I'm building a lakehouse architecture in Azure Synapse and am in doubt between using Delta-lake or a Lake database.

Both seem to have roughly the same functionality - I can use Spark to do ETL tasks - and then use spark pools as well as serverless sql pools to query data.

In Azure documentation , a lake database is defined as:

"A lake database provides a relational metadata layer over one or more files in a data lake. You can create a lake database that includes definitions for tables, including column names and data types as well as relationships between primary and foreign key columns. The tables reference files in the data lake, enabling you to apply relational semantics to working with the data and querying it using SQL. However, the storage of the data files is decoupled from the database schema; enabling more flexibility than a relational database system typically offers."

Whereas Delta Lake is defined as:

Delta Lake is an open-source storage layer that adds relational database semantics to Spark-based data lake processing. Delta Lake is supported in Azure Synapse Analytics Spark pools for PySpark, Scala, and .NET code.

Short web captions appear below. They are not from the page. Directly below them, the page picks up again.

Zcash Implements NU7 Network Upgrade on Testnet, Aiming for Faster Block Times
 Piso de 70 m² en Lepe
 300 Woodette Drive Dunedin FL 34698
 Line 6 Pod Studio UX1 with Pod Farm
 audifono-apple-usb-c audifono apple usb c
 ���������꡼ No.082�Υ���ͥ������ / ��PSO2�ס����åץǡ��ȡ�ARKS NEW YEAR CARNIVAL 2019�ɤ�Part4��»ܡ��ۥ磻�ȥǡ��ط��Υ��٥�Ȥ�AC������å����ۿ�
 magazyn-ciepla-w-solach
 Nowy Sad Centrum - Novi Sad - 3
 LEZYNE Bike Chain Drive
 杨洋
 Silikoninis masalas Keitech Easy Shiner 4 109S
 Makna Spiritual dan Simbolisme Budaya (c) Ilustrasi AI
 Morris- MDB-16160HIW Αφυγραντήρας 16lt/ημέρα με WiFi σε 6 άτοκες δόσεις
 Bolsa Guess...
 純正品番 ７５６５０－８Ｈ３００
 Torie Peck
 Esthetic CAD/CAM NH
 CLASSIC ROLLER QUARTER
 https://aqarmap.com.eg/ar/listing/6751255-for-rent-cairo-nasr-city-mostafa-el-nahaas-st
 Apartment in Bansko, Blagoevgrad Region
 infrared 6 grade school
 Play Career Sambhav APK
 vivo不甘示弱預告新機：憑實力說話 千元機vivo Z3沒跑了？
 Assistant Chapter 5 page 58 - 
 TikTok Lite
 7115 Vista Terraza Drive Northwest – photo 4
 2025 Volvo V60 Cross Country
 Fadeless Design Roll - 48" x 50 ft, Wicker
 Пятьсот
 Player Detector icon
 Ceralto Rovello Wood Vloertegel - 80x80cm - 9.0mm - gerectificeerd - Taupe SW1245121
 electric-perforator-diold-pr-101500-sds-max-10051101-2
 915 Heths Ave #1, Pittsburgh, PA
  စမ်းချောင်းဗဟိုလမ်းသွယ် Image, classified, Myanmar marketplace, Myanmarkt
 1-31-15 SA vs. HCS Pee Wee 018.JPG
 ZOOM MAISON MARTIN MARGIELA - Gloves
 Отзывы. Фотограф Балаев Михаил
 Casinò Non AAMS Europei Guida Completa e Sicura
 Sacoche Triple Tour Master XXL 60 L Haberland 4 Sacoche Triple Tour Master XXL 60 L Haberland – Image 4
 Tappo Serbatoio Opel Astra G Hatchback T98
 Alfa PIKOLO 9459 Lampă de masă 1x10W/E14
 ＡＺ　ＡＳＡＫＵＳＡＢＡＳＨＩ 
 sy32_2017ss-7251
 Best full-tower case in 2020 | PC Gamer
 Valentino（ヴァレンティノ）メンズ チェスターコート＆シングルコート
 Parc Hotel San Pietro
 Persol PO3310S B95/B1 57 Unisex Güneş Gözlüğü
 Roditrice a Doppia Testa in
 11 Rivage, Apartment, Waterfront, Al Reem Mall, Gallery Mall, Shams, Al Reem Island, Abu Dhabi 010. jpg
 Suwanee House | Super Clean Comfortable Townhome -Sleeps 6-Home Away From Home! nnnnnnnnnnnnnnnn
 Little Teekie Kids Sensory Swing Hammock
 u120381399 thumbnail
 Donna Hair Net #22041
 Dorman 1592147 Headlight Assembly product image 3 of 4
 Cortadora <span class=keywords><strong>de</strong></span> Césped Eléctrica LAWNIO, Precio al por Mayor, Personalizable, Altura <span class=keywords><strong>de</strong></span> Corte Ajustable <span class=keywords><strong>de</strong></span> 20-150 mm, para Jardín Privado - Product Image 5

The benefits of using Delta Lake in a Synapse Analytics Spark pool include:

Relational tables that support querying and data modification. With Delta Lake, you can store data in tables that support CRUD (create, read, update, and delete) operations. In other words, you can select, insert, update, and delete rows of data in the same way you would in a relational database system.

What are the differences between Delta lake and Lake Database (if any) in Azure Synapse? Or are they simply two different tools to achieve roughly the same results? Are there concrete benefits of using one over the other?

The Lake Database is a facility that Microsoft added to Synapse Analytics that uses Spark SQL (Hive) managed tables to provide the database abstraction layer to your Parquet, csv or Delta tables. It uses the Hive Metastore, which keeps track of database contents: tables, schemas, views, etc. If you use Delta tables in it, you will have all the additional metadata that is part of the change tracking of Delta Lake, but Delta table metadata is not part of the Lake Database Metastore. I am using the free Linux distribution of Delta Lake.

If you configure your Delta Lake properly, you can get it to appear in Synapse Studio as a Lake Database. One advantage of the Lake Database is that in Synapse data flows, instead of Integration Dataset you can use the Workspace DB source type, which is for the Lake Databases and it uses the database and table model instead of working with a bunch of integration datasets that you have to define.

I am in the process of setting this up for a client and still discovering the details. Documentation is plentiful for the different pieces, but nothing exists for the whole, how to configure it, and how it all it works together. So please excuse any inaccurate statements here. There are many nuances to know in order to integrate the open-source Delta Lake into the Lake Database, and Synapse pipelines. What you get with this stack should be similar to what you get in the Databricks version of Delta Lake, except here the configuration is all on you and you have to have some luck figuring it out.